To date, both heterogeneous and homogeneous catalysts have been widely used in the selective hydrogenation of LA to GVL. Heterogeneous catalysts, i.e., Ru-,9–14 Pt-,15 Fe-,16 Co-,17 Ni-,18 and Cu-based catalysts,16,19 exhibit good activity for LA hydrogenation. Compared with heterogeneous catalysts, homogeneous catalysts, including Ru-,20–24 Ir-,25–27 Pt-,28 and Ni-containing complexes,5,29 have higher catalytic efficiency and selectivity under mild reaction conditions. Noteworthily, Ru-containing complexes show excellent catalytic performance. Interestingly, Fu's group has pioneeringly conducted research on the hydrogenation of LA to GVL catalyzed by RuCl3·3H2O with organic base ligands using HCOOH or H2 as the hydrogen (H) source in aqueous solution.20 With H2 as the H source, CO2 addition can greatly improve Ru-catalyzed hydrogenation; however, CO2 acts as a decomposition product with HCOOH as the H source.20 Notably, supercritical CO2 is also used as a medium for LA-to-GVL hydrogenation in heterogeneous catalytic systems.30 However, this striking positive effect of CO2 on Ru-catalyzed hydrogenation at the molecular level remains unclear.
In this work, we aim to theoretically explore the molecular mechanism underlying the hydrogenation of LA to GVL catalyzed by RuCl3 with an organic base ligand in aqueous solution using HCOOH or H2 as the H source. The objectives are as follows: (a) to ascertain the catalytically active species of RuCl3·3H2O in aqueous solution, (b) to clarify the difference in the reduction mechanism between HCOOH and H2 as the H source, (c) to elucidate the role of organic base ligands, and (d) to understand the origin of the promotive effect of CO2 in Ru-catalyzed hydrogenation.

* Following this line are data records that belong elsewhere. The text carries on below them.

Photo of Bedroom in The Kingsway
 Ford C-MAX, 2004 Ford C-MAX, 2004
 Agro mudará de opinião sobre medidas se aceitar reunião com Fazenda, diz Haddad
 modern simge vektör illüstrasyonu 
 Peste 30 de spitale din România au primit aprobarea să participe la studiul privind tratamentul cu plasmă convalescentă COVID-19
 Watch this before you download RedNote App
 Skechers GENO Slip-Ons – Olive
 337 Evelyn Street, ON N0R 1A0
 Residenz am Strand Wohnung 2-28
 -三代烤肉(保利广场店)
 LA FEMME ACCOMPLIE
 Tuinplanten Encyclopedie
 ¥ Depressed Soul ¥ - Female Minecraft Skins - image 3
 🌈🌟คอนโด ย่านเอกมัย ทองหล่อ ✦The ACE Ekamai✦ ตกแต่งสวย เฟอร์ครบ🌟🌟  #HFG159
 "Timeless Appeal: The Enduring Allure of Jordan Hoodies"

Harmonic frequency calculations were employed to verify the stationary points and obtain corrections of the zero-point energy (ZPE) as well as the thermal correction of the Gibbs free energy (G0). For reaction pathway analysis, each transition structure was verified to have only one imaginary frequency, and the connections between transition states and corresponding intermediates were verified through intrinsic reaction coordinate (IRC) calculations.39,40 The natural charges were gained using natural bond orbital (NBO) analysis.41,42 The differential electron localization function of species was analyzed by using the Multiwfn package.43,44 Unless otherwise specified, the Gibbs free energy of formation (ΔG) is relative to the initial catalytically active species and reactants obtained at the M06/6-311++G(d,p), def2-TZVP level in the aqueous solution under experimental temperature and pressure (423 K and 80 atm).20
The rate constants were assessed over the 403–443 K temperature range, on the basis of conventional transition state theory, together with tunneling correction, as described in our previous study.45,46
Scheme 1 Reaction pathway for the conversion of levulinic acid (LA) to γ-valerolactone (GVL), 2-methyltetrahydro-2,5-furandiol (MFD) and 4-oxopentanal (OT) with HCOOH and H2 as the H source. |
As depicted in Scheme 1, with HCOOH as the H source, reaction (I) is associated with the hydrodehydration of LA to GVL through ketone carbonyl, reaction (II) is concerned with the hydrodehydration of LA to 4-oxopentanal (OT) through carboxyl carbonyl, and reaction (III) is related to the hydrogenation of LA to 2-methyltetrahydro-2,5-furandiol (MFD) through carboxyl carbonyl. Alternatively, with H2 as the H source, reaction IV denotes the hydrodehydration of LA to GVL through ketone carbonyl, reaction V signifies the hydrodehydration of LA to OT through carboxyl carbonyl, and reaction VI expresses the hydrogenation of LA to MFD through carboxyl carbonyl. These six gross reactions (I)–(VI) are listed as follows:
LA + HCOOH → GVL + H2O + CO2 | (I) |
LA + HCOOH → OT + H2O + CO2 | (II) |
LA + HCOOH → MFD + CO2 | (III) |
LA + H2 → GVL + H2O | (IV) |
LA + H2 → OT + H2O | (V) |
LA + H2 → MFD | (VI) |
As shown in Fig. S1 from ESI,† initially, the coordination of H2O to the 6Ru3+-center is calculated to be thermodynamically unfavorable. That is to say, when RuCl3·3H2O dissolves in aqueous solution, Ru3+ cation does not coordinate with solvent water molecules. Considering the coordination of the ligand to 6Ru3+-center in aqueous solution, the values of Gr are −16.1, 8.2, 12.1, and 22.0 kJ mol−1, for 6[Ru(PPh3)]3+, 6[Ru(NEt3)]3+, 6[Ru(H2O)]3+, and 6[Ru(PY)]3+ complexes, respectively, as shown in Fig. S2 from ESI.† Among the four ligands of PPh3, NEt3, H2O, and PY, only PPh3 can coordinate to the 6Ru3+-center, forming a stable complex 6[Ru(PPh3)]3+. Thereupon, 6[Ru(PPh3)]3+ is preferred as the initial catalytically active species.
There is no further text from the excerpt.